[LLVMdev] SCEV and GEP NSW flag

Sat Nov 2 05:43:09 PDT 2013

----- Original Message -----
> 
> On Oct 31, 2013, at 1:24 PM, Hal Finkel <hfinkel at anl.gov> wrote:
> 
> > Andy, et al.,
> > 
> > If I start with C code like this:
> > 
> > void foo(long k, int * restrict a, int * restrict b, int * restrict
> > c) {
> >  if (k > 0) {
> >    for (int i = 0; i < 2047; i++) {
> >      a[i] = a[i + k] + b[i] * c[i];
> >    }
> >  }
> > }
> > 
> > Clang -O3 will produce code like this:
> > 
> > entry:
> >  %cmp = icmp sgt i64 %k, 0
> >  br i1 %cmp, label %for.body.preheader, label %if.end
> > 
> > for.body.preheader:
> >  br label %for.body
> > 
> > for.body:
> >  %indvars.iv = phi i64 [ %indvars.iv.next, %for.body ], [ 0,
> >  %for.body.preheader ]
> >  %add = add nsw i64 %indvars.iv, %k
> >  %arrayidx = getelementptr inbounds i32* %a, i64 %add
> >  %0 = load i32* %arrayidx, align 4, !tbaa !1
> > ...
> >  %arrayidx7 = getelementptr inbounds i32* %a, i64 %indvars.iv
> >  store i32 %add5, i32* %arrayidx7, align 4, !tbaa !1
> > ...
> > 
> > My goal here is to detect that, within the loop, (&a[i] - &a[i +
> > k]) is negative, as the explicit loop guard guarantees. On the
> > path toward that goal, I've run into the following:
> > 
> > The SCEV for &a[i] looks like this: {%a,+,4}<nsw><%for.body>
> > 
> > but the SCEV for &a[i + k] looks like this: {((4 * %k) +
> > %a),+,4}<%for.body>
> > 
> > and the problem is that this expression, even though it comes from
> > a inbounds GEP, with nsw on all contributing instructions, does
> > not have the <nsw> flag. I think that the problem is the (4 * %k)
> > 'Index' expression, which lacks the no-wrap flags, and when
> > createNodeForGEP uses it to construct the overall expression for
> > the address, the result also lacks the nsw flag.
> > 
> > The reason that the (4 * %k) 'Index' expression lacks the flags is
> > explained in createSCEV:
> > 
> >    // Don't apply this instruction's NSW or NUW flags to the new
> >    // expression. The instruction may be guarded by control flow
> >    that the
> >    // no-wrap behavior depends on. Non-control-equivalent
> >    instructions can be
> >    // mapped to the same SCEV expression, and it would be incorrect
> >    to transfer
> >    // NSW/NUW semantics to those operations.
> > 
> > and I appreciate this concern, but I suspect it is supposed to be
> > possible to recover the flags on the resulting AddRec, and how is
> > that supposed to happen? One issue may be that the control flow
> > mentioned in the comment could be in the loop, although in this
> > one-BB loop with no calls, I think that can be ruled out.
> 
> I'm sorry, I don't understand why the scale and addition on an
> inbounds GEP can be considered NSW. Can we assume malloc won't span
> the high/low address boundary? 

I think that we're okay on this front. The language reference defines inbounds GEPs in terms of "infinitely precise signed arithmetic", so I think that wrapping and being inbounds are incompatible.

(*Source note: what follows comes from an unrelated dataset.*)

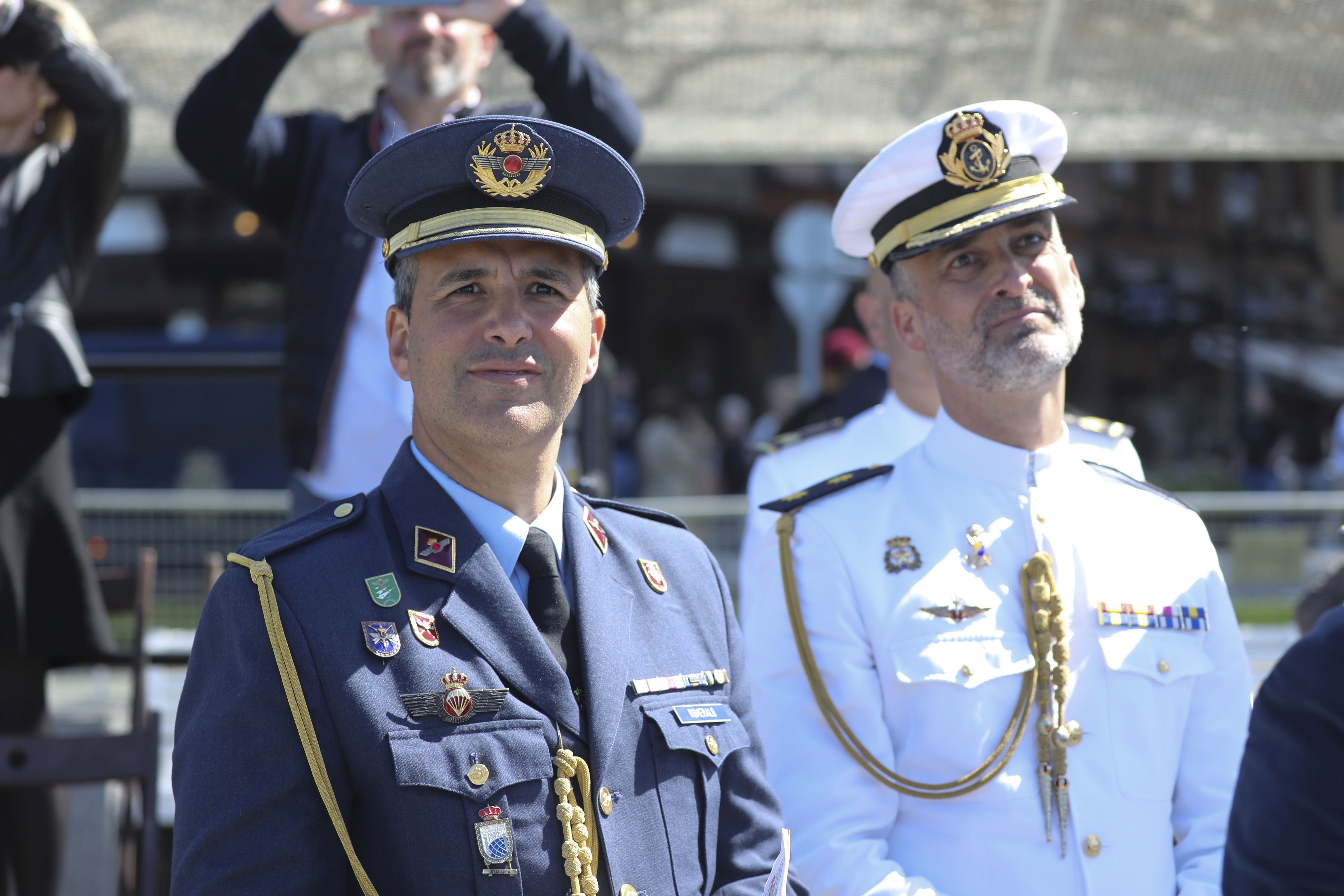 Espectáculo militar en Gijón por tierra, mar y aire con el Rey como invitado de honor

>Then were left with folks doing
> mmap... Well, based on my understanding, createNodeForGEP looks
> wrong--I really hope I'm the one that's wrong.

I think that the code is proabably okay: it is not forcing the result to have the nsw flag (if it did, I probably would not have written my e-mail), but applying it only to the 'address computation' itself. On the other hand, maybe that violates SCEV's general philosophy of being control-flow independent (maybe the logic that prohibits us from applying an add's nsw flag to an SCEVAddExpr should prohibit this as well).

> 
> As an aside, you could still prove no-self-wrap for this recurrence.
> If the base of the GEP is an NW recurrence (note that NSW or NUW
> implies NW), the GEP itself is inbounds, and the GEP simplifies to a
> recurrences, then I think you can infer that the recurrence for the
> GEP is also NW.

Okay, so you mean that I could force set the NW flag on the resulting GEP in that case?

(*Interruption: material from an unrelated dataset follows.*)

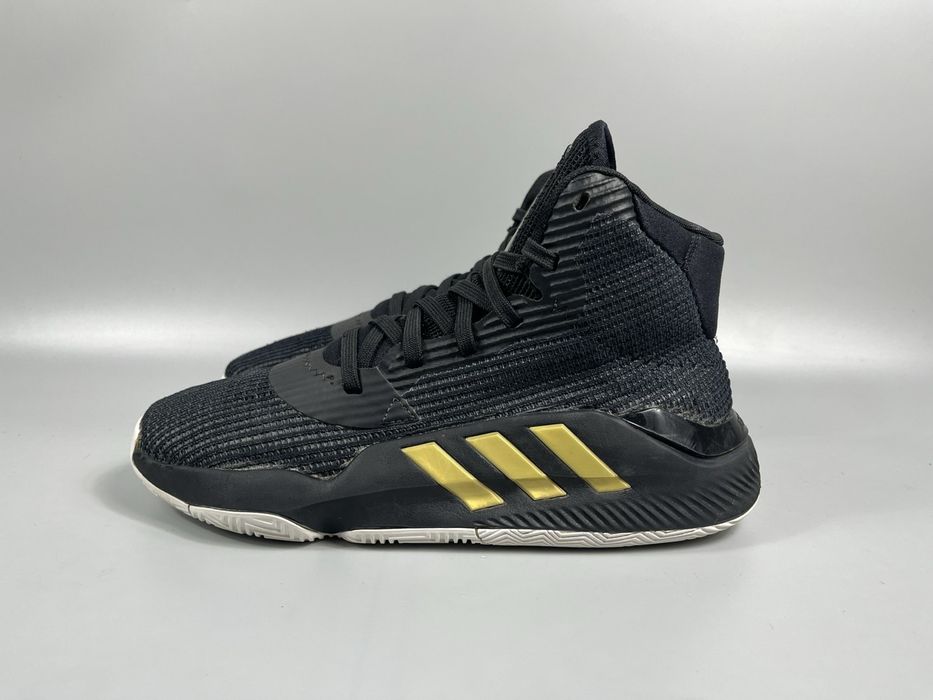 Кросівки Adidas Pro Bounce Basketball 39 розмір (по стельке 25 см)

> I don’t think that adds useful information to this
> query though :(
> 
> Along those lines, I’m a little baffled as to why you want an NSW
> recurrence. You already know the difference is 4*k and k > 0. Isn’t
> that enough? Is the problem that 4*k may overflow?

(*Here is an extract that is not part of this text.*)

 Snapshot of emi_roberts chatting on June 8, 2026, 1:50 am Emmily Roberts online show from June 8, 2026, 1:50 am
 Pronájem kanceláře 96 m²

Ah, I forgot to explain, one problem is that I can't divide {((4 * %k) +  %a),+,4}<%for.body> by 4 to get ride of the type size. I was trying to do this in order to make it easier for isLoopEntryGuardedByCond to match the condition, but even dividing by 4 does not work if the recurrence is not <nsw> (as far as I can tell).

> 
> Maybe this sort of alias analysis needs to reason about array
> indices, not addresses.

Being able to divide by the type sizes would make this easier ;)

Thanks again,
Hal

> 
> -Andy
> 
> > 
> > Thanks again,
> > Hal
> > 
> > --
> > Hal Finkel
> > Assistant Computational Scientist
> > Leadership Computing Facility
> > Argonne National Laboratory
> 
> 

-- 
Hal Finkel
Assistant Computational Scientist
Leadership Computing Facility
Argonne National Laboratory